For multi-argument functions with custom gradients, you likely want to catch not just `minus(::TrackedArray, ::TrackedArray)`

but also `minus(::Array, TrackedArray)`

and so on. To do so, just define those extra signatures as needed:

```
minus(a::AbstractArray, b::TrackedArray) = Tracker.track(minus, a, b)
minus(a::TrackedArray, b::AbstractArray) = Tracker.track(minus, a, b)
```

## Tracked Internals

All `Tracked*`

objects (`TrackedArray`

, `TrackedReal`

) are light wrappers around the `Tracked`

type, which you can access via the `.tracker`

field.

```
julia> x.tracker
Flux.Tracker.Tracked{Array{Float64,1}}(0x00000000, Flux.Tracker.Call{Nothing,Tuple{}}(nothing, ()), true, [5.0, 6.0], [-2.0, -2.0])
```

The `Tracker`

stores the gradient of a given object, which we've seen before.

```
julia> x.tracker.grad
2-element Array{Float64,1}:
-2.0
-2.0
```

The tracker also contains a `Call`

object, which simply represents a function call that was made at some point during the forward pass.
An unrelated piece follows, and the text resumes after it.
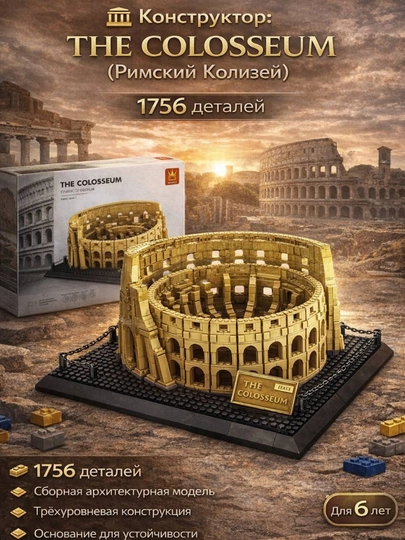 Конструктор LEGO для детей и взрослых, игрушка LEGO — BABY001-LEGONOW-КРАСН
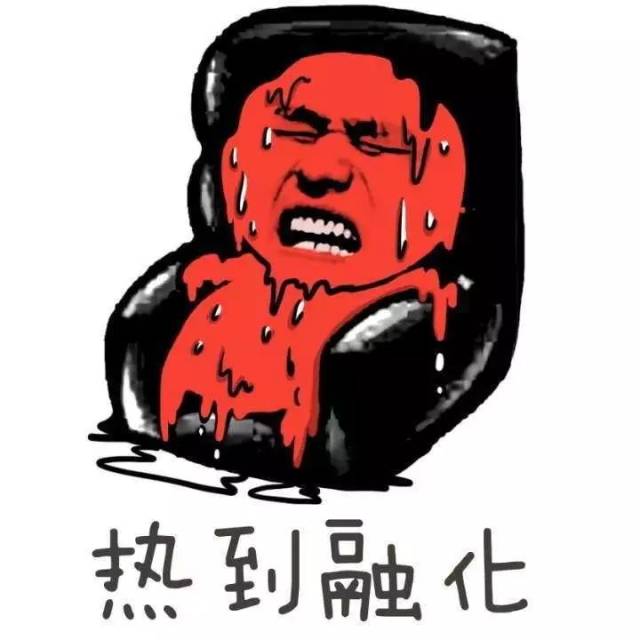 酷暑难耐,每天都是热热热热, 曾经在冬天立下的豪言壮语: "宁愿在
For example, the `+`

call would look like this:

```
julia> Tracker.Call(+, 1, 2)
Flux.Tracker.Call{Base.#+,Tuple{Int64,Int64}}(+, (1, 2))
```

In the case of the `y`

we produced above, we can see that it stores the call that produced it – that is, `W*x`

.

```
julia> y.tracker.f
Flux.Tracker.Call{...}(*, (param([1.0 2.0; 3.0 4.0]), param([5.0, 6.0])))
```

Notice that because the arguments to the call may also be tracked arrays, storing their own calls, this means that `Tracker`

ends up forming a data structure that records everything that happened during the forward pass (often known as a *tape*).

When we call `back!(y, [1, -1])`

, the sensitivities `[1, -1]`

simply get forwarded to `y`

's call (`*`

), effectively calling

`Tracker.back(*, [1, -1], W, x)`

which in turn calculates the sensitivities of the arguments (`W`

and `x`

) and back-propagates through their calls. This is recursive, so it will walk the entire program graph and propagate gradients to the original model parameters.